INPUT DATA: Begin
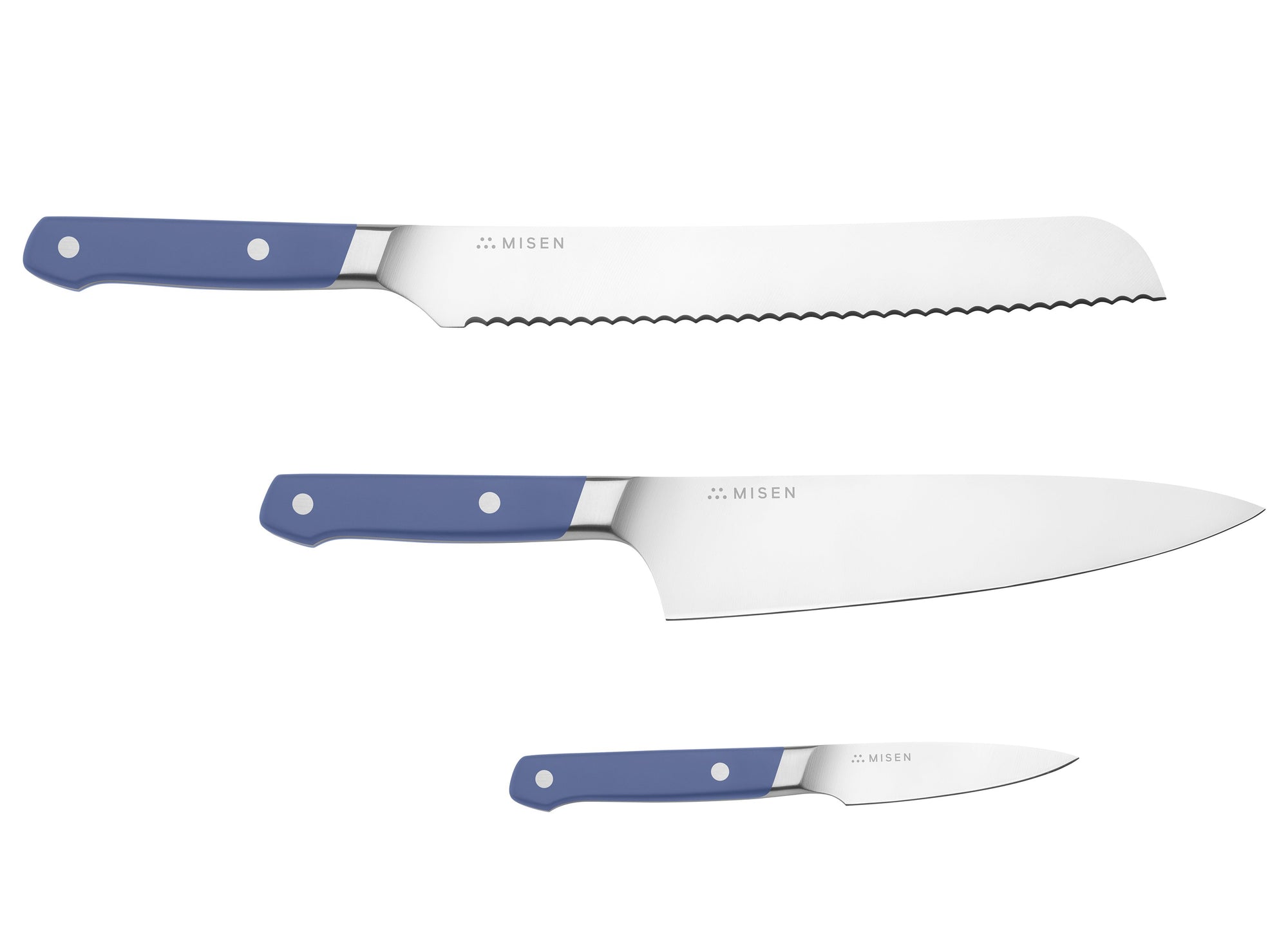 3-Piece Misen Essentials Knife Set in blue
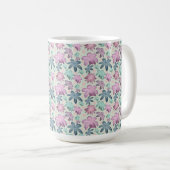 Pastel Floral watercolor Pattern  Kaffeetasse (VorderseiteRechts)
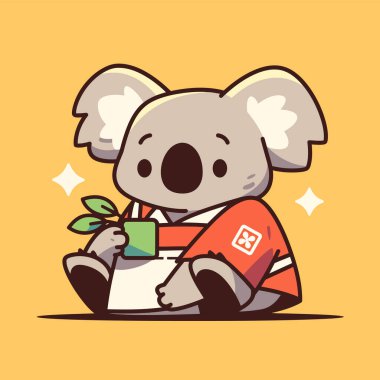Sevimli koala çizgi film karakteri çizimi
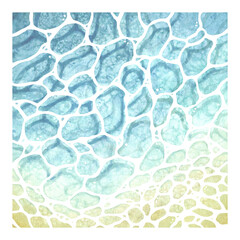 Watercolor illustration of sunny sea beach isolated on white background. Marine collection of hand drawn illustrations.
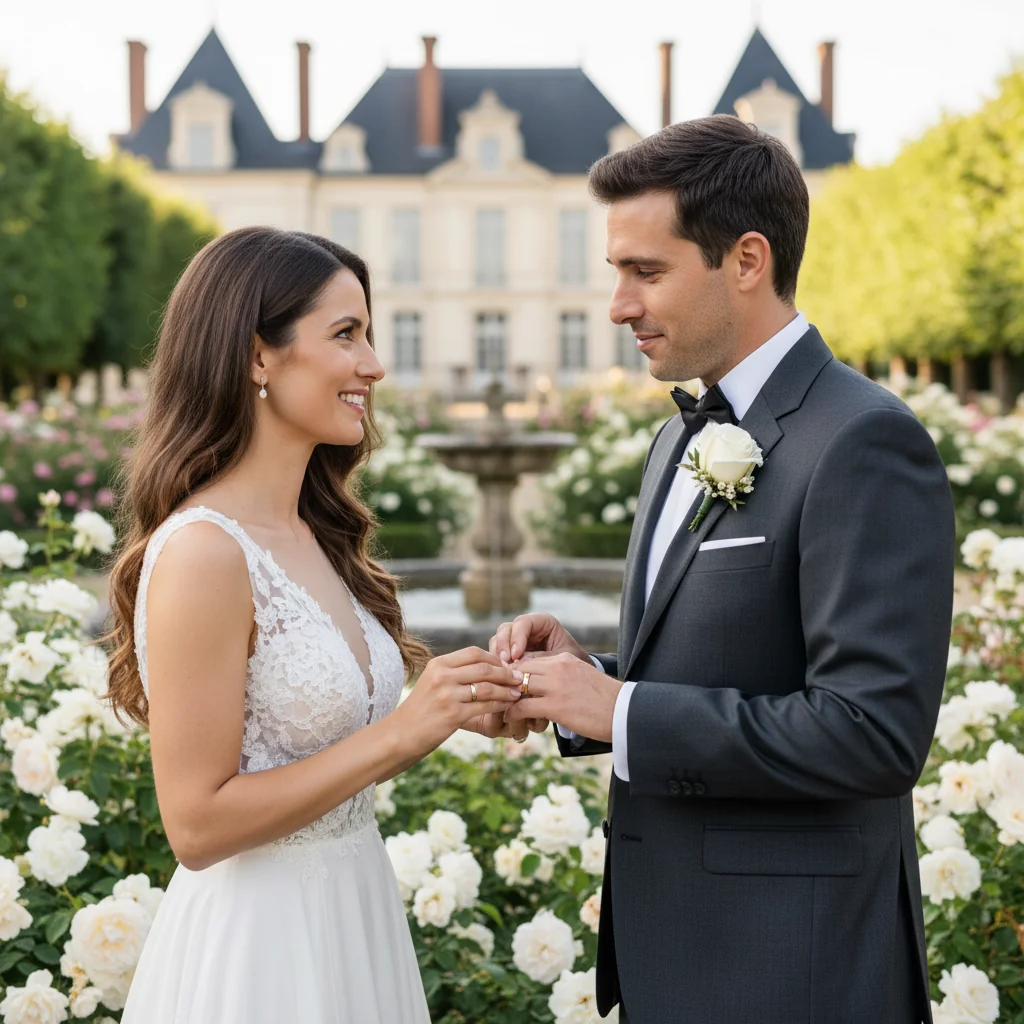 A photorealistic image of a joyful adult couple exchanging wedding rings in a romantic French garden setting, symbolizing marriage and commitment, with elegant attire and a backdrop of blooming flowers and a historic chateau in the distance, evoking the essence of a marriage contract in France without showing any legal documents or children.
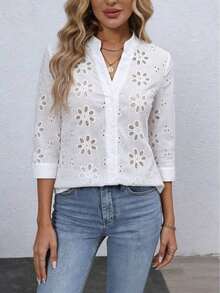 Blusa de mujer con bordado floral y cuello con muesca, manga 3/4.Tops de manga tres cuartos - Blanco 6 - Ver 6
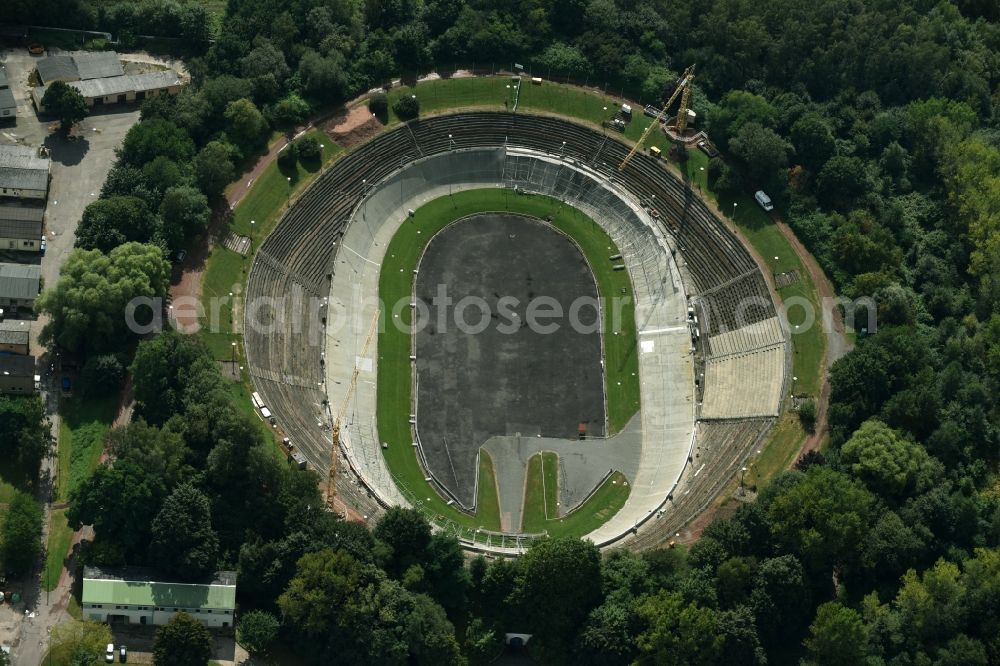Aerial image Chemnitz - Construction site for the restoration and redevelopment of the bicycle race track in the Bernsdorf part of Chemnitz in the state of Saxony. The concrete oval track is being refurbished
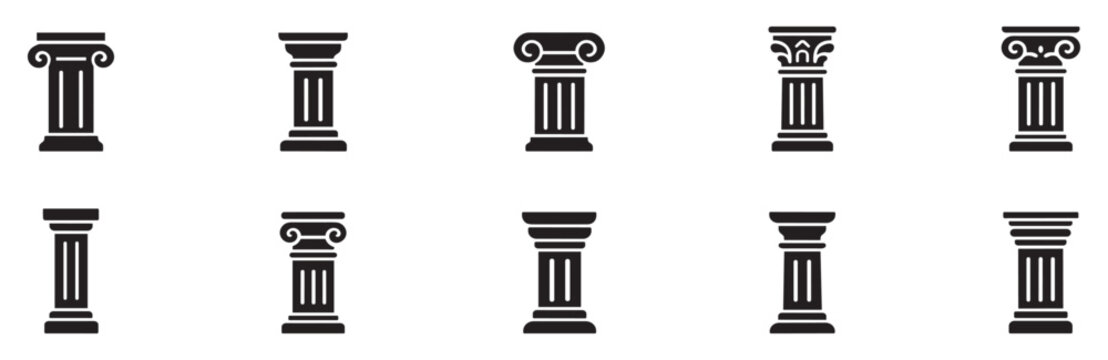 Black column icons. Ancient columns vector icon set. Vector black column icons set on white background. Vector Illustration. EPS 10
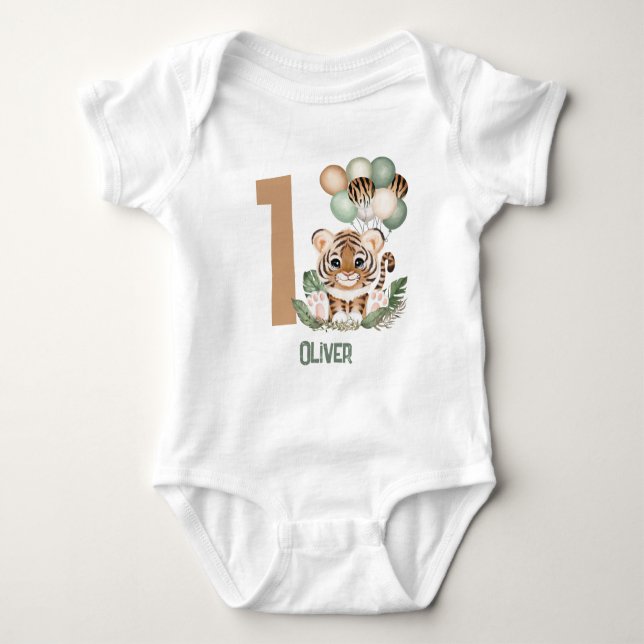 Body Para Bebé Cute Tiger Cub Wild One Boy Primer cumpleaños (Anverso)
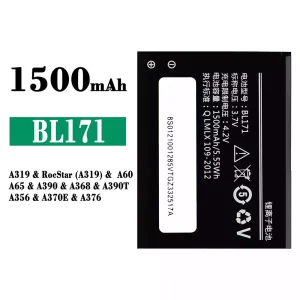 Baterai Original BL171 for Lenovo A319 / RocStar (A319) / A60 / A65 / A390 / A368 / A390T / A356 / A370E / A376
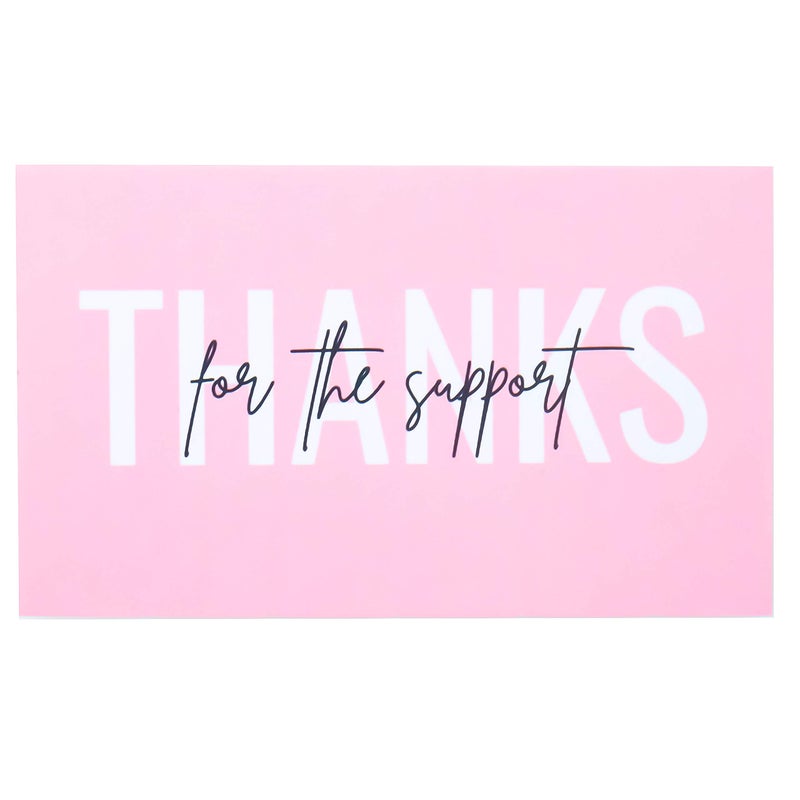 RXBC2011 100 Little Thank You for the support Cards Handwritten Lettering Design Bulk Thank you Notes for All Occasion 3.5 x 2 Inch pink - Image 2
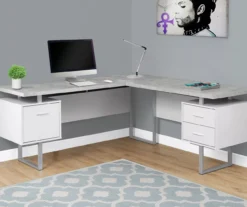 Monarch Metal 3-Drawer L-Shaped Computer Desk -Furniture Sale Shop 810542417 1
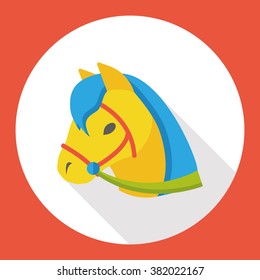 riding horse flat icon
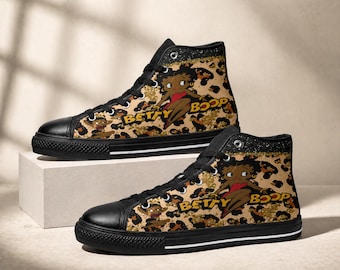 Women’s Leopard Black Betty Boop High-Top Canvas Sneakers | Retro Cartoon Streetwear Shoes | Cute Vintage-Inspired Casual Fashion Footwear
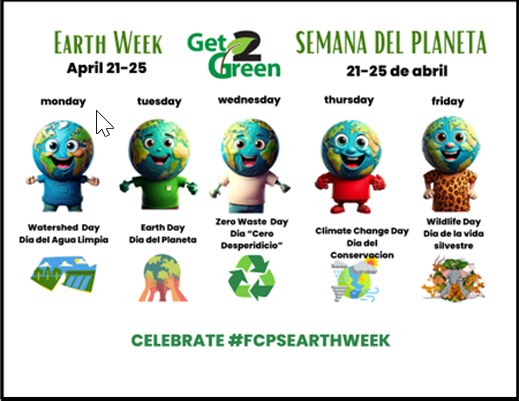 Get2Green Earth Week Spirit Days infographics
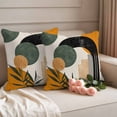 thumbnail image 2 of Boho Middle Century Outdoor Waterproof Pillow Covers, Abstract Orange Geometric Leaves Decorative Square Throw Pillowcase Sofa Cushion Sham for Patio/Couch/Chair, 16"x16" 2 Pack, 2 of 8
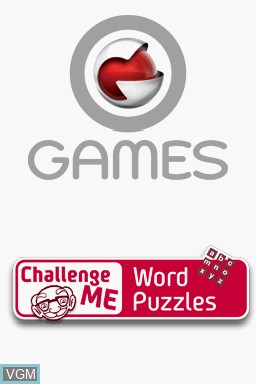 Title screen of the game Challenge Me - Word Puzzles on Nintendo DS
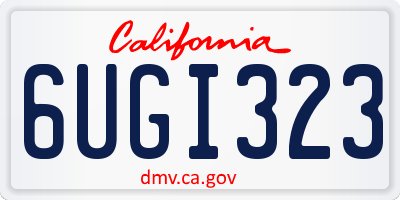 CA license plate 6UGI323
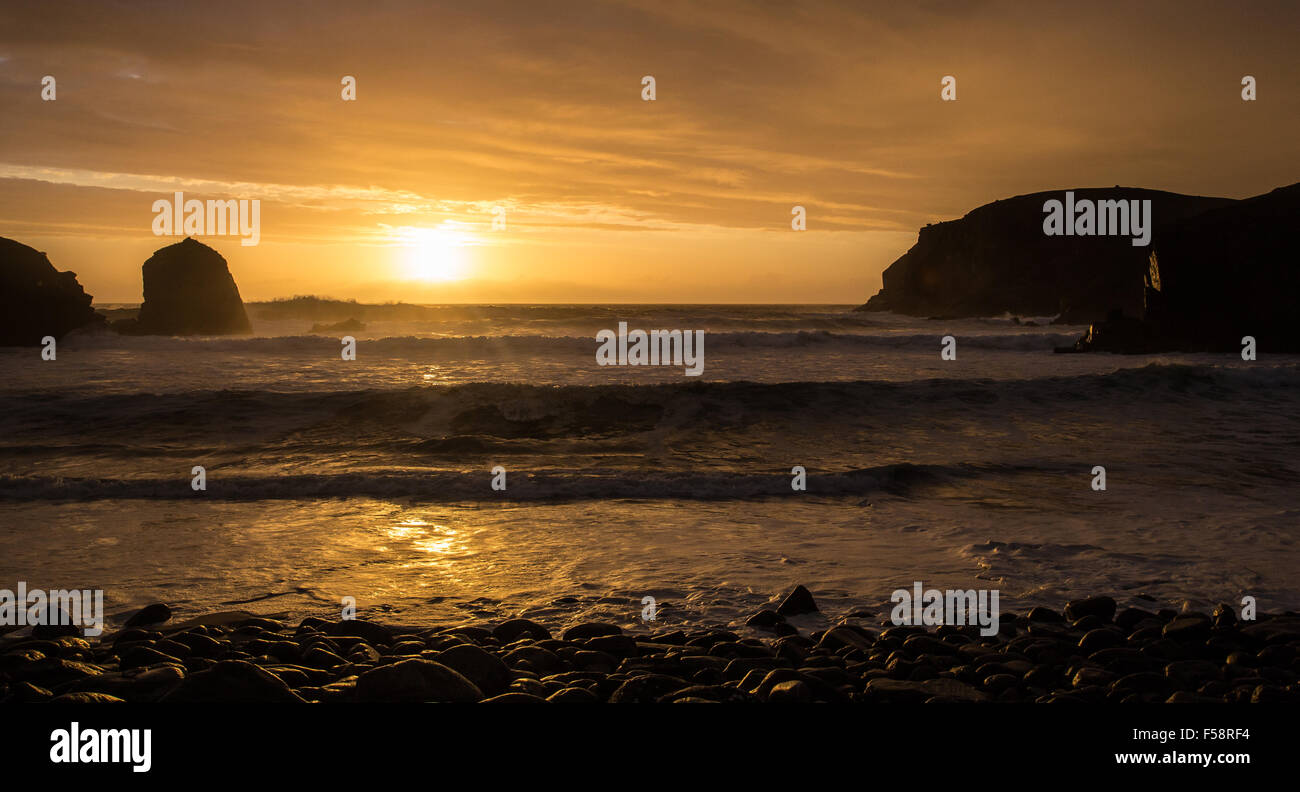 Sonnenuntergang über Dalbeg Bay, Lewis, äußeren Hebriden, Schottland Stockfoto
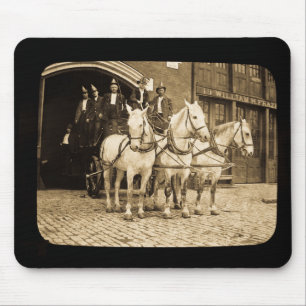 Horse Drawn Hook and Ladder Fire Company - Vintage Mouse Pad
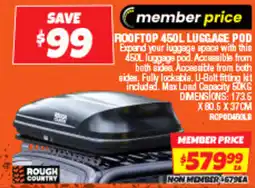Autobarn Rooftop 450l luggage pod offer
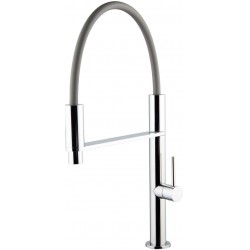 Kitchen tap Deck-mounted material: Brass with shower, color: Chrome surface: Glossy Deck-mounted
INPUT DATA: End
● **WORK REQUEST**
Drop the images and copy all the data exactly.

● **RESULT OF THE TASK**
 3-Piece Misen Essentials Knife Set in blue
 Pastel Floral watercolor Pattern  Kaffeetasse (VorderseiteRechts)
Sevimli koala çizgi film karakteri çizimi
 Watercolor illustration of sunny sea beach isolated on white background. Marine collection of hand drawn illustrations.
 A photorealistic image of a joyful adult couple exchanging wedding rings in a romantic French garden setting, symbolizing marriage and commitment, with elegant attire and a backdrop of blooming flowers and a historic chateau in the distance, evoking the essence of a marriage contract in France without showing any legal documents or children.
 Blusa de mujer con bordado floral y cuello con muesca, manga 3/4.Tops de manga tres cuartos - Blanco 6 - Ver 6
Aerial image Chemnitz - Construction site for the restoration and redevelopment of the bicycle race track in the Bernsdorf part of Chemnitz in the state of Saxony. The concrete oval track is being refurbished
 Black column icons. Ancient columns vector icon set. Vector black column icons set on white background. Vector Illustration. EPS 10
 Body Para Bebé Cute Tiger Cub Wild One Boy Primer cumpleaños (Anverso)
 Baterai Original BL171 for Lenovo A319 / RocStar (A319) / A60 / A65 / A390 / A368 / A390T / A356 / A370E / A376
 RXBC2011 100 Little Thank You for the support Cards Handwritten Lettering Design Bulk Thank you Notes for All Occasion 3.5 x 2 Inch pink - Image 2
 Monarch Metal 3-Drawer L-Shaped Computer Desk -Furniture Sale Shop 810542417 1
 riding horse flat icon
 Women’s Leopard Black Betty Boop High-Top Canvas Sneakers | Retro Cartoon Streetwear Shoes | Cute Vintage-Inspired Casual Fashion Footwear
 Get2Green Earth Week Spirit Days infographics
 thumbnail image 2 of Boho Middle Century Outdoor Waterproof Pillow Covers, Abstract Orange Geometric Leaves Decorative Square Throw Pillowcase Sofa Cushion Sham for Patio/Couch/Chair, 16"x16" 2 Pack, 2 of 8
 Title screen of the game Challenge Me - Word Puzzles on Nintendo DS
 CA license plate 6UGI323
 Sonnenuntergang über Dalbeg Bay, Lewis, äußeren Hebriden, Schottland Stockfoto
 Horse Drawn Hook and Ladder Fire Company - Vintage Mouse Pad
Autobarn Rooftop 450l luggage pod offer
 Kitchen tap Deck-mounted material: Brass with shower, color: Chrome surface: Glossy Deck-mounted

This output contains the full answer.